Nicht ganz richtig. Bitte die letzten „Wahlen“ im Bundeshauptdorf und zur Bunndeslaberbude in Erinnerung rufen. Auch wenn der Wahldepp was durch sein Votum verändern wollte, es geht nicht. Da verschwinden Zehntausende Wahlzettel, stimmen die Wahlunterlagen nicht und wenn das noch immer nicht reicht für die grün-roten Speckaugen, die sich auf der Suppe soooooo wohl fühlen, gibt es Gerichte oder ebend eine GröKaZ die per Order an die Lakaien für das „richtige“ und vor allem in den allermeisten Fällen gendergerechte Resultat sorgen.

Evero
1 Jahr her
Antworten an  Evero

Ist ja richtig. Aber das Wahlvolk wird manipuliert. Vor der Wahl verspricht man dem Bürger alles, nach der Wahl tut man als Partei, was die transatlantischen Oligarchen wollen.

Riffelblech
1 Jahr her

Die Schuld an diesem seit 20 Jahren andauerndem Dilemma liegt ganz sicherlich bei der ExKanzlerin Merkel . Diese Person hat in unendlicher Kleinarbeit zustande gebracht was heute Realität ist . Diese Person ,mit Hilfe ihrer Parteifeunde und Klatschhanseln , hat Deutschland rechtlich und wirtschaftlich zu einem Schatten seiner selbst. Mutieren lassen. Mit Hilfe der gleichgeschalteten Medien , mit zustimmender Unterstützung der Grünen. Indem sie deren Richtlinien übernahm ,mit der Demontage der SPD, gelang es Merkel in mittlerweile vielfacher Hinsicht Demokratie auszuhebeln. Erinnert sei nur an die Atomkraftabsage,an die Flüchtlingspolitik,an die sog. Bankenrettung ,an Klimapolitik mit Wirtschaftsdrosselung ,an die Energiewende. Alle… Mehr

Querdenker73
1 Jahr her
Antworten an  Riffelblech

Sie haben Recht. Nur gilt zu bemerken, dass die Aufzählung der merkel’schen Fehlleistungen über mindestens 4 Legislaturperioden reicht! Der sogenannte Souverän hätte schon früher durch Wahlentscheidung Einfluss nehmen können. Und, hat er? Nein – er ist auf Schnäppchenjagd! Er begreift nichts – siehe allein die diesjährigen Länderwahlen! Also, was soll’s! Deutschland ist eh am Ende und das ist ja von den „Eliten“ so gewollt! Der Deutsche war schon immer ein Trottel und er bleibt es.

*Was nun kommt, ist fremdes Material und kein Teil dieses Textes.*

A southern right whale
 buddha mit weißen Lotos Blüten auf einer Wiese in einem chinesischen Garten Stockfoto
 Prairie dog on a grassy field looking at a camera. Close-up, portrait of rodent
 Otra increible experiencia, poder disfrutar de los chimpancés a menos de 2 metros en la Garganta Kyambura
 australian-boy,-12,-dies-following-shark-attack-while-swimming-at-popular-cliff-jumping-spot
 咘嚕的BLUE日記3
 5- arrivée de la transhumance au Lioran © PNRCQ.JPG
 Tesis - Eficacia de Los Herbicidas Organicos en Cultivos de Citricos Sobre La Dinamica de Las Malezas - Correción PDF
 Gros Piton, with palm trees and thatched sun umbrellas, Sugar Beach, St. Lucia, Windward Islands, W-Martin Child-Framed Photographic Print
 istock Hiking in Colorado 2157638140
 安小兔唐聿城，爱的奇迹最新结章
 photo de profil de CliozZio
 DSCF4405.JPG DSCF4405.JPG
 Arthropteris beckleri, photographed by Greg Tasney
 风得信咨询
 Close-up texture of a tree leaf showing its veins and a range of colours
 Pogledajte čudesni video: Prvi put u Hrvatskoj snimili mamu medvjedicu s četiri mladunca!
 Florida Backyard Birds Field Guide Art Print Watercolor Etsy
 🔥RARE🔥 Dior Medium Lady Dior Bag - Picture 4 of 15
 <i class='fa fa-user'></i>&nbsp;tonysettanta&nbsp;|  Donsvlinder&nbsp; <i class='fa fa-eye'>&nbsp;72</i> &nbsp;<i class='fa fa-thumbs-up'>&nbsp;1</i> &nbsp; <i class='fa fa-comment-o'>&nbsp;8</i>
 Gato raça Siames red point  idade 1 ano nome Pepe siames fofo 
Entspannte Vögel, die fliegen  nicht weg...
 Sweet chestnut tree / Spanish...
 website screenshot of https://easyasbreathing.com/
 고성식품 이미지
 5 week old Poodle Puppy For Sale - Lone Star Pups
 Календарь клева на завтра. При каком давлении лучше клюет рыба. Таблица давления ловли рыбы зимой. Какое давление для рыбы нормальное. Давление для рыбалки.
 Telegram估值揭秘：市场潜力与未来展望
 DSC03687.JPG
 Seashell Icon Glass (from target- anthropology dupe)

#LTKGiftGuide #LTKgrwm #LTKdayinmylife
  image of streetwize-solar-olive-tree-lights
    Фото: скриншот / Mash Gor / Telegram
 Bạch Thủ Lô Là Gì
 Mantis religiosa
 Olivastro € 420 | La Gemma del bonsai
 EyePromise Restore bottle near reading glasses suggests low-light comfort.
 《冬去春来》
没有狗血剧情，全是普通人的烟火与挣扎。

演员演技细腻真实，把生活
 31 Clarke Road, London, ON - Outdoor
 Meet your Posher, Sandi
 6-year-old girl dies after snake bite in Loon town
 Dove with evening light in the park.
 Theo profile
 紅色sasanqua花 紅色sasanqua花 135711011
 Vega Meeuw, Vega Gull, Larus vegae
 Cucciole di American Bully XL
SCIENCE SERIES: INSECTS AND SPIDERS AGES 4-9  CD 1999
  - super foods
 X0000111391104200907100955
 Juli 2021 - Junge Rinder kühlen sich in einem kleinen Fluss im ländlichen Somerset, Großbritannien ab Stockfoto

Vielleicht merkt er es im nächsten Winter!!

Evero
1 Jahr her
Antworten an  Querdenker73

Kaputte Systeme schaffen sich selbst ab. Und ein sog. Verfassungsschutz hilft noch kräftig dabei, indem er die Opposition verfolgt und klein hält.

Maja Schneider
1 Jahr her

Wenn wir nicht ganz schnell wieder zurückkehren zur Gewaltenteilung und damit zum Grundgesetz als Teil eines freiheitlich-demokratischen Rechtsstaates, sind wir wirklich ganz verloren und der immer dreister und schamloser agierenden Parteienpolitik des links-grünen Geistes völlig ausgeliefert, aber dieser Traum von einer Änderung wird wohl zerplatzen wie eine Seifenblase. Es gibt eben zu viele Profiteure, vom Politpersonal über die immer einflussreicher, weil staatlich üppig geförderten, werdenden NGO`s bis hin zu einzelnen Unternehmen etc. Die sogen. „Transformation“ wird mit allen Mitteln weitergehen, sie ist seit Jahren durchgeplant und die „Plandemie“ ist das Instrument dazu. Alles, was hinderlich ist, wird bereinigt, mundtot gemacht… Mehr

H. Heinz
1 Jahr her
Antworten an  Maja Schneider

wer und was sollte bitte die Rückkehr zur Gewaltenteilung veranlassen? Ich sehe weit und breit niemand und nichts, welches dieses Geflecht aus Parteienautokratie, Exekutive mit angedockter Justiz auseinander dröseln könnte. Hier hülfe nur das Schwert, welches diesen gordischen Knoten durchschlägt. Nur wer würde dieses Schwert führen, der deutsche Souverän etwa? Glaube ich nie und nimmer

doncorleone46
1 Jahr her
Antworten an  Maja Schneider

no way return! Die Dynamik überholt alle Bemühungen. Die Justiz und die Presse machen mit!